No pictures belong in the copy. Retype exactly, and only, the stretch of lines below from the one with "imageCQR Mens Quarter" through the one with "Pink Camouflage Camo".

-- Extracted data --
● ● ●

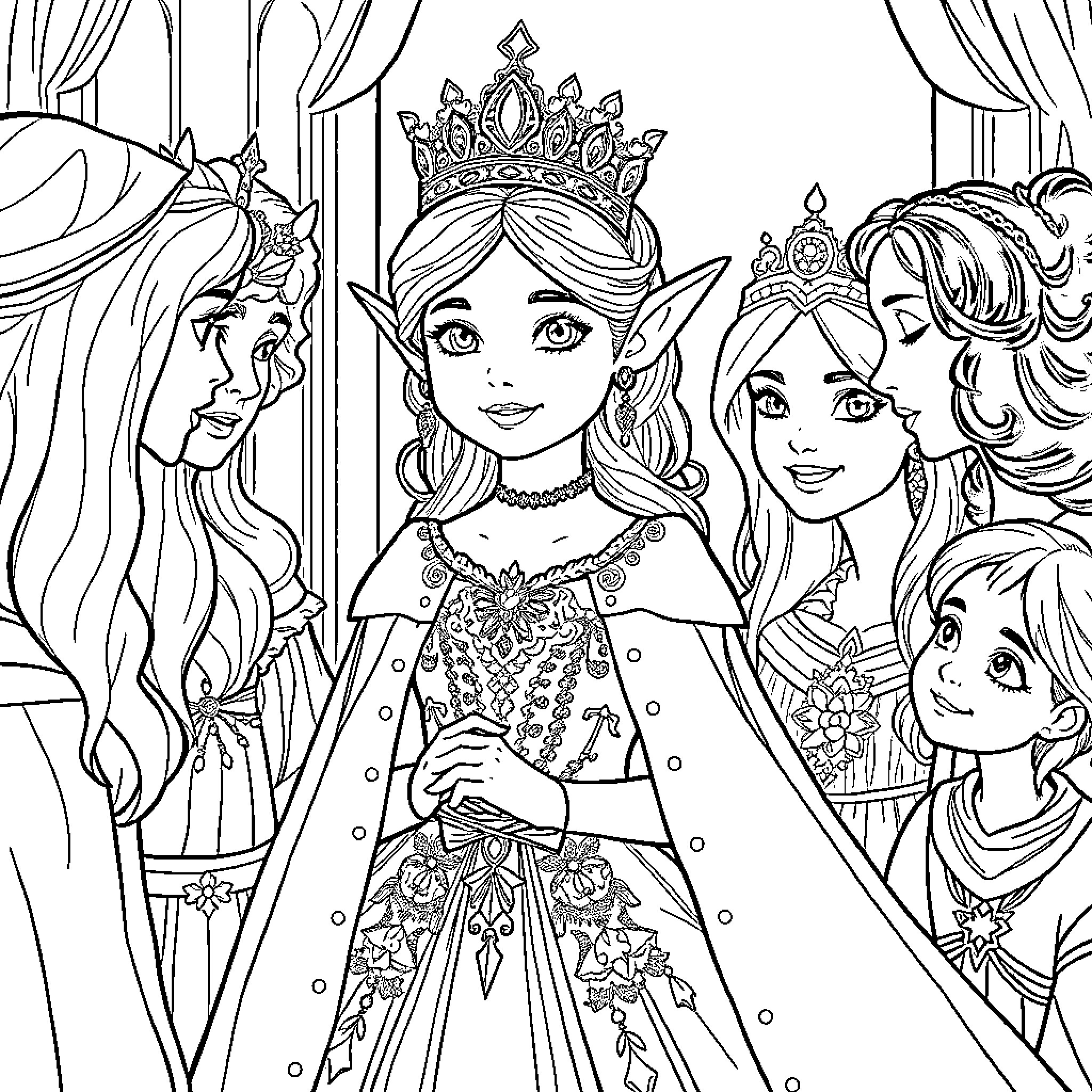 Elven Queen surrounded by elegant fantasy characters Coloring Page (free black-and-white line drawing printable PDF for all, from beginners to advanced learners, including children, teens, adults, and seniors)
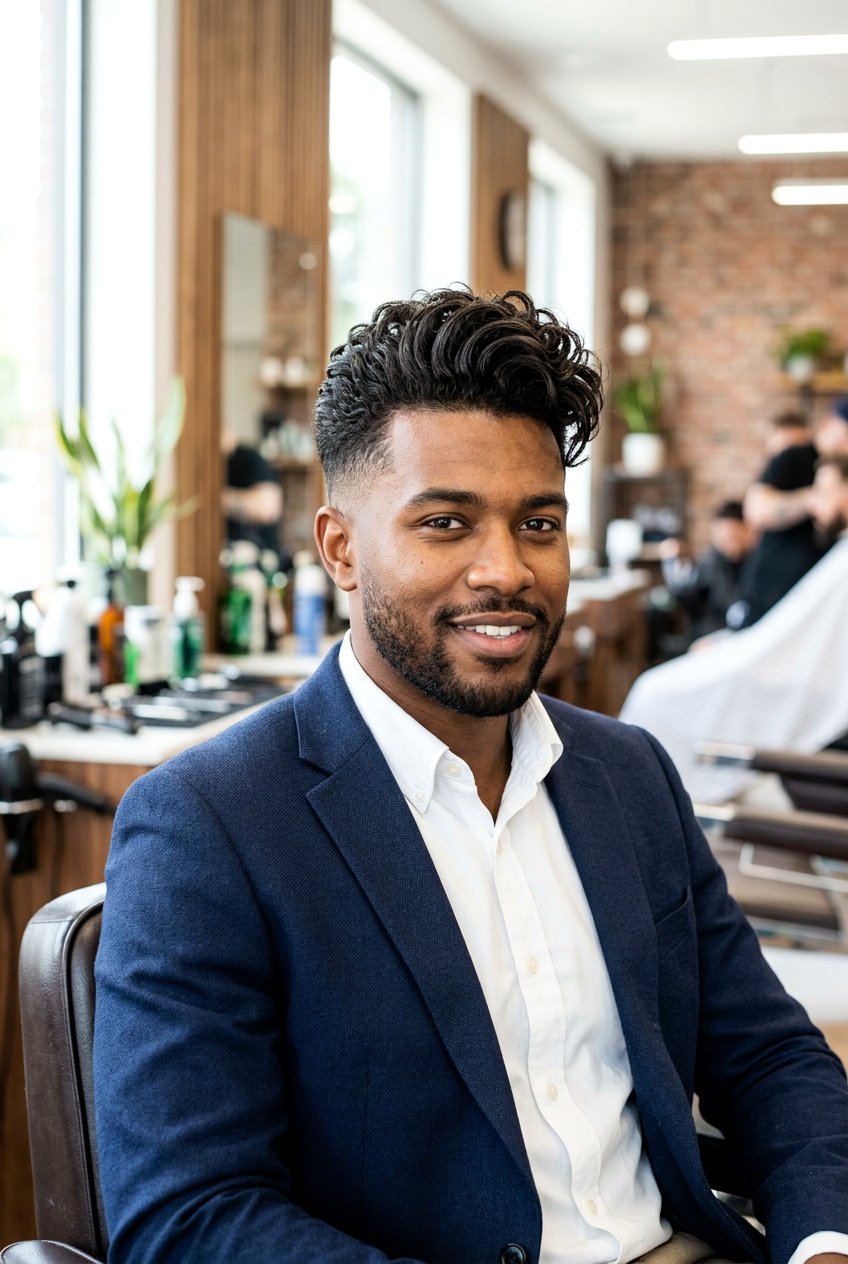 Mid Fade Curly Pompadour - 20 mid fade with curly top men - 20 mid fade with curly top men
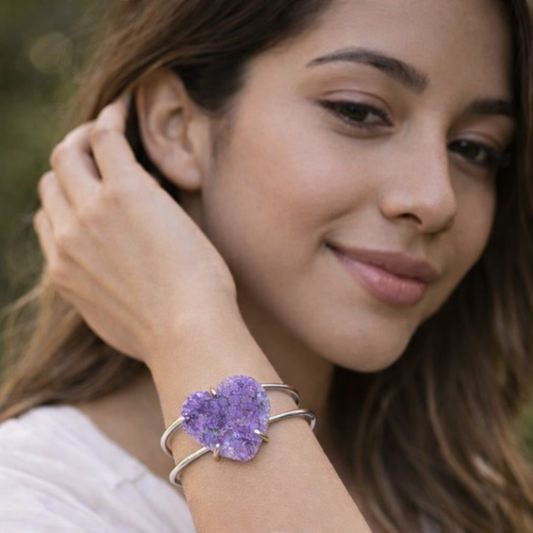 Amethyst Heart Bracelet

● ● ●

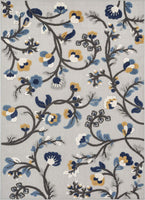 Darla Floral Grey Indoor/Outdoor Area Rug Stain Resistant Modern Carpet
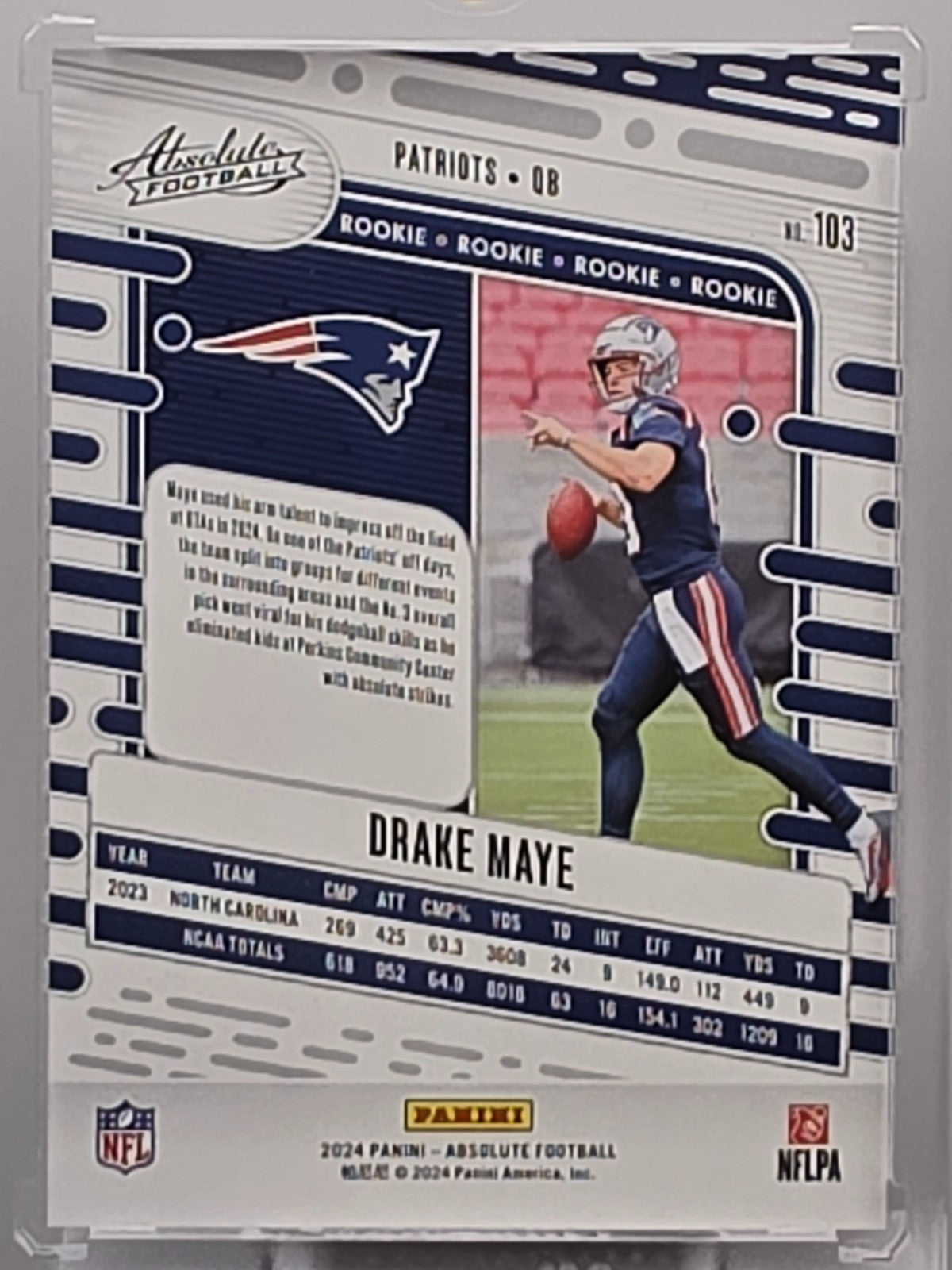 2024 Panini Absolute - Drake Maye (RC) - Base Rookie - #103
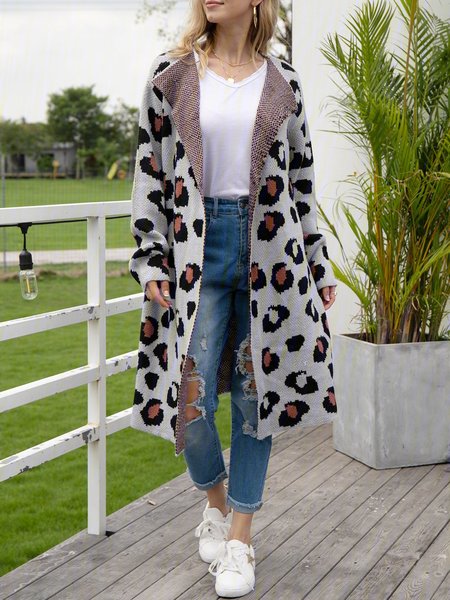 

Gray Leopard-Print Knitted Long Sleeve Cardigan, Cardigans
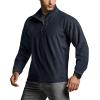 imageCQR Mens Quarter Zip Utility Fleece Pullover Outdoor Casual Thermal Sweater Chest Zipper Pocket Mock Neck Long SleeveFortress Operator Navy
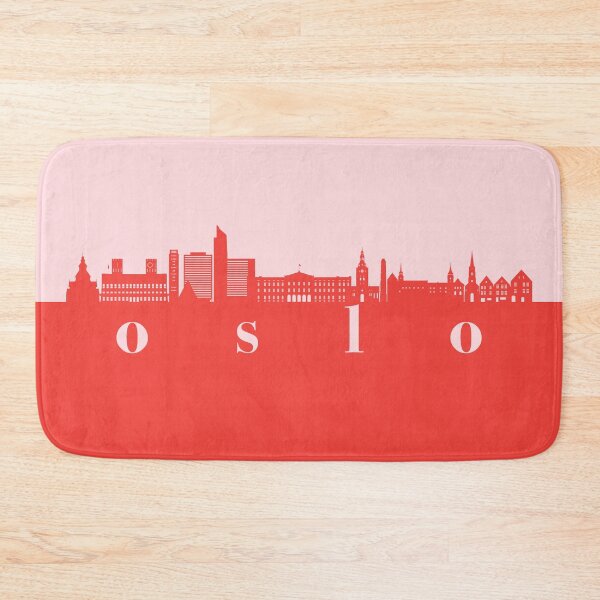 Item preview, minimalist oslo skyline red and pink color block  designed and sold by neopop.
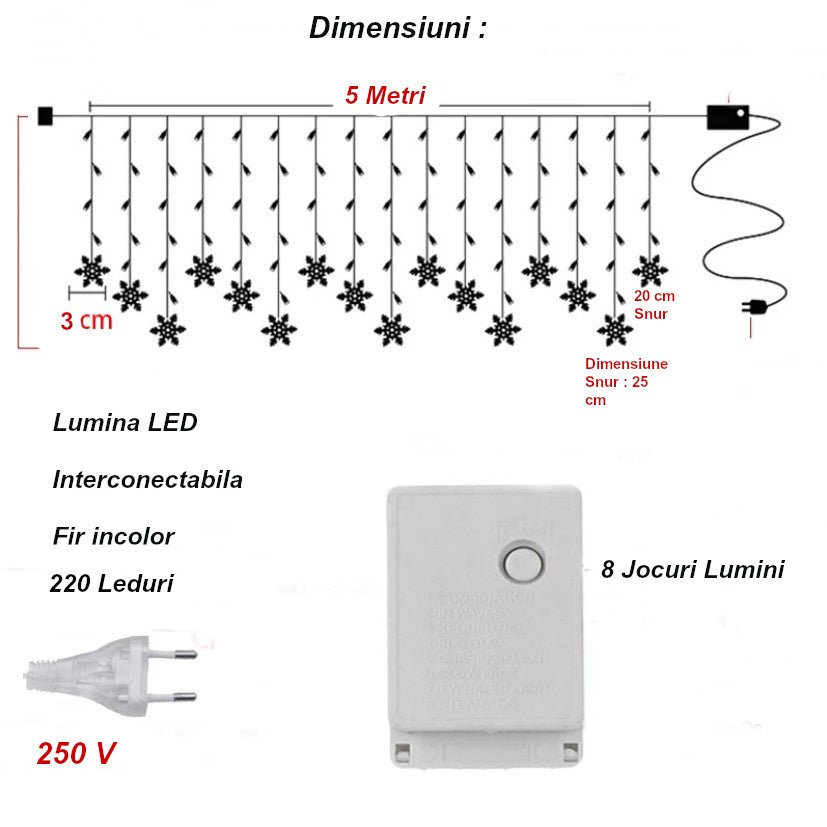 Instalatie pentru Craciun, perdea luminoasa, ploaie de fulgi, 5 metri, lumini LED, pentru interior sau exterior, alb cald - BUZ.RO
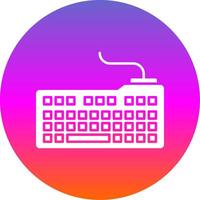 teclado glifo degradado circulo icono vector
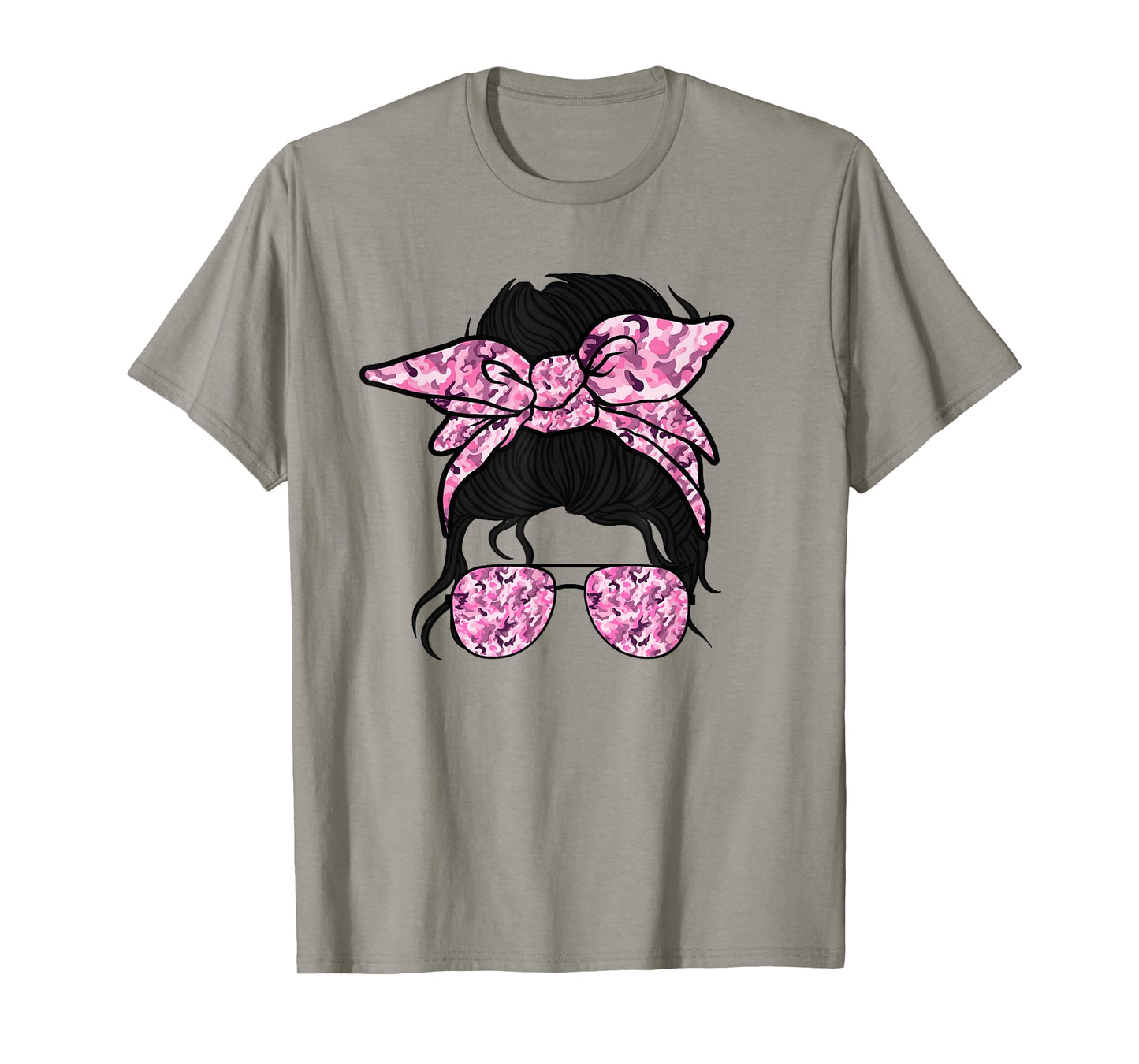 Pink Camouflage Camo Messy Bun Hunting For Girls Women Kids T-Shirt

● ● ●

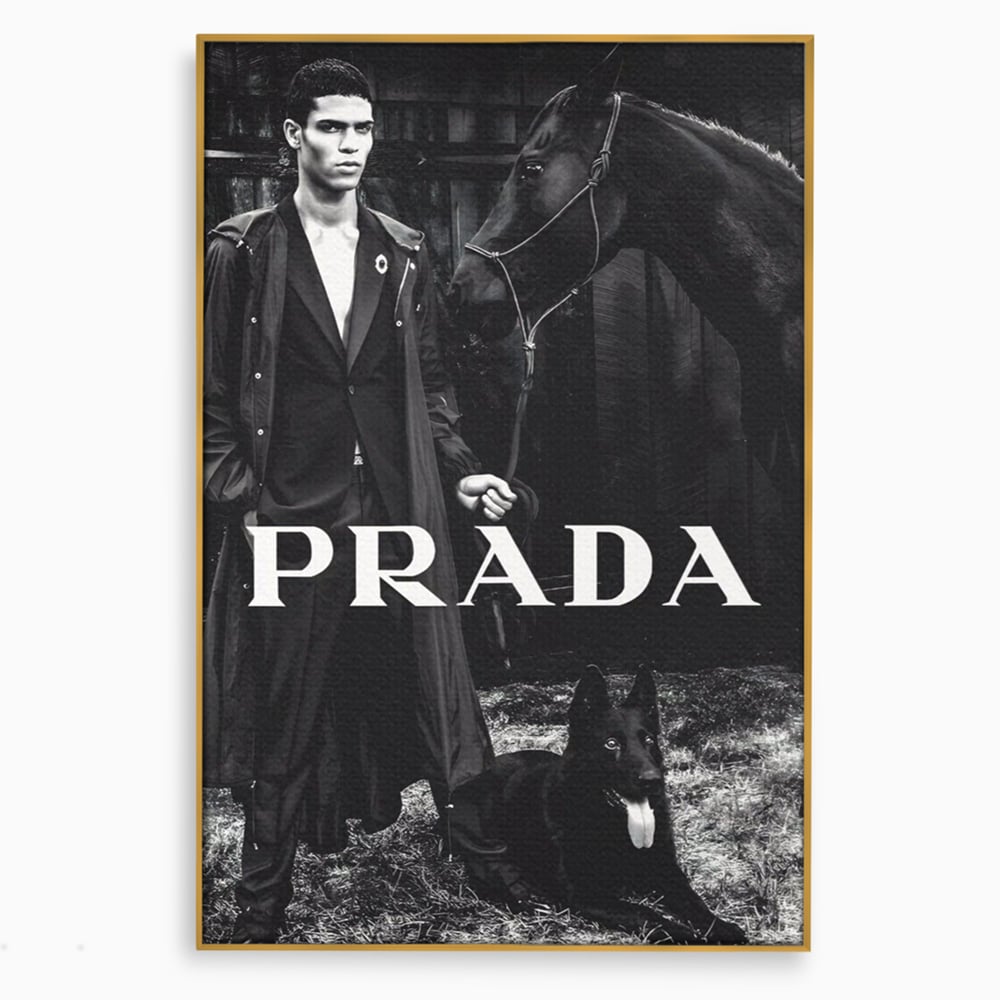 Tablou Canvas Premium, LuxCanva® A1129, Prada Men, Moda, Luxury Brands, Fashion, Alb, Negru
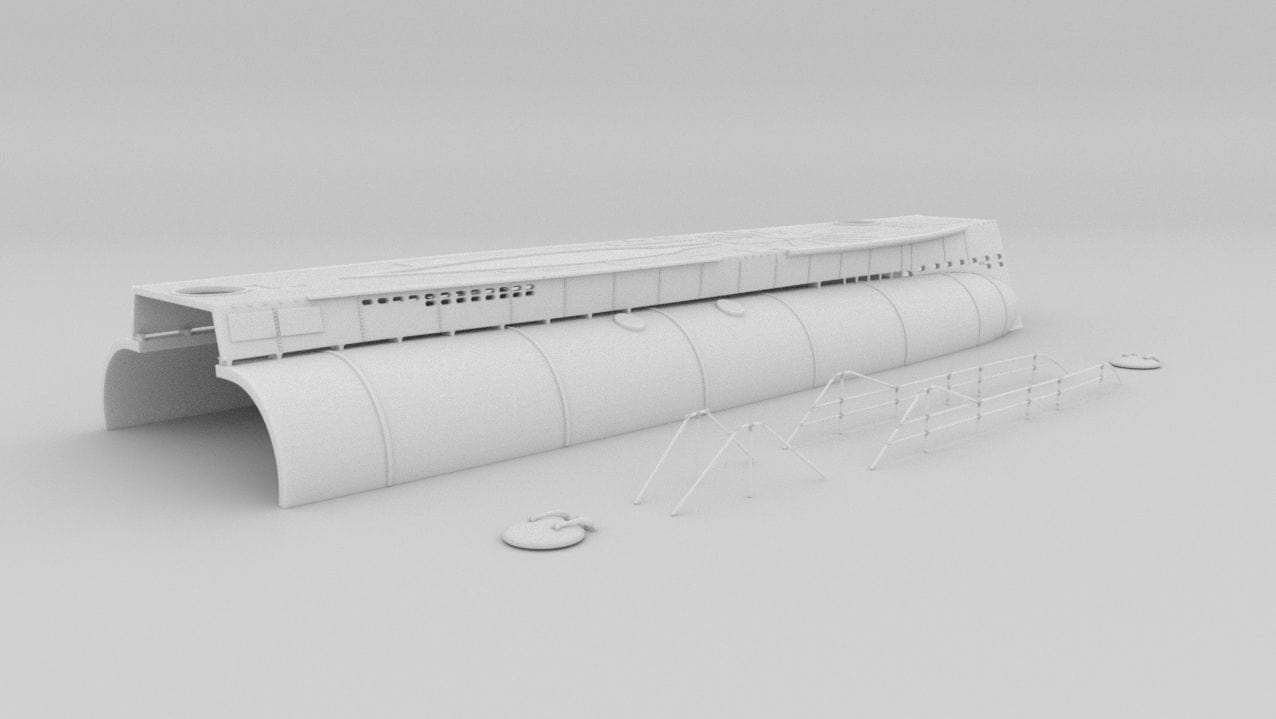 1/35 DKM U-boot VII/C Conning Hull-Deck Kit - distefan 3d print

● ● ●

-- Completed exercise --
 imageCQR Mens Quarter Zip Utility Fleece Pullover Outdoor Casual Thermal Sweater Chest Zipper Pocket Mock Neck Long SleeveFortress Operator Navy
 Item preview, minimalist oslo skyline red and pink color block  designed and sold by neopop.
 Instalatie pentru Craciun, perdea luminoasa, ploaie de fulgi, 5 metri, lumini LED, pentru interior sau exterior, alb cald - BUZ.RO
 teclado glifo degradado circulo icono vector
 Pink Camouflage Camo Messy Bun Hunting For Girls Women Kids T-Shirt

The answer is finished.